Here, their music emerges through a heady fog of white noise to deliver, most notably, a deranged howling at the moon (‘Doomsday Legislation’), a wash of drunken guitar feedback (‘Scottish Chords’), a hypnotically swerving, effects-laden solo (‘Manifest Destiny’), and a starkly simplistic and instantly accessible array of rock chords combined with a reverberating, gothic vocal, reminiscent of the style of delivery that harkened from The Mission’s Wayne Hussey (‘Mariana’). All these little affectations pin an individual imprint on each track, but all seem impelled by a filthy rich mix of warping guitar overdrive, a monumental, track-bleeding bottom-end drone and an almost epic use of hard-hitting snare and resonating cymbal shatter to steadily drive the music to the point of implosion, where crazily the music folds in on itself – almost as if the players seem hell-bent on self-destruction.

This fetid wall of muddy psych implies a heavy use of mind-bending drugs and a blatant disregard for subtlety or technique. Here, then, is music that screams self-indulgence.
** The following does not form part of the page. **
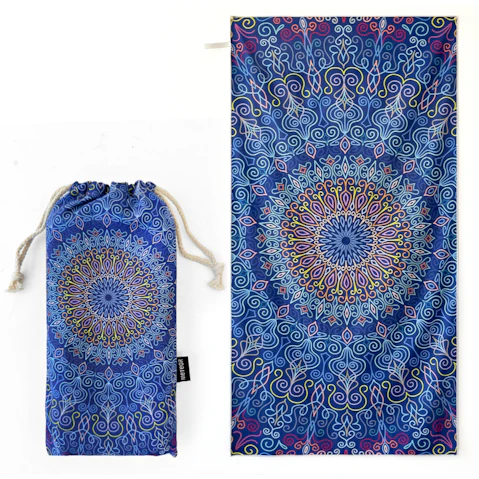 Meteor For The Winners X-Large Sand-Free Beach Towel with Carry Bag - Modern Mandala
Probably recorded as near to live as humanly possible, with disappointingly short tracks (considering the style) faded carelessly in and out, the whole album feels lost down its own deep murky hole where the aggressive power swirls and builds to raise its head before abating and sinking below ground once more. Smack the volume up, close your eyes and, for brief moments, you should be able to generate a feel of how immense this might sound live but burnt to a piece of plastic it merely disappoints rather than invigorates. Perhaps if they’d left the powerful shock ending of the outstanding brutish grunge of ‘Rosebud’ for last, they might have afforded the moment even bigger impact and left a natural fullstop. However by ending proceedings on the mental disharmony between dizzy, treble-heavy guitar and the thunderpunching bassline of ‘Creeping, The Ether’, they’ve left it feeling like an odd bonus track. “Quixotically naïve” is probably a fair description after all, especially when you consider the painfully miserly 35 minutes they offer you to lose yourself in their ambiguously psychotic world.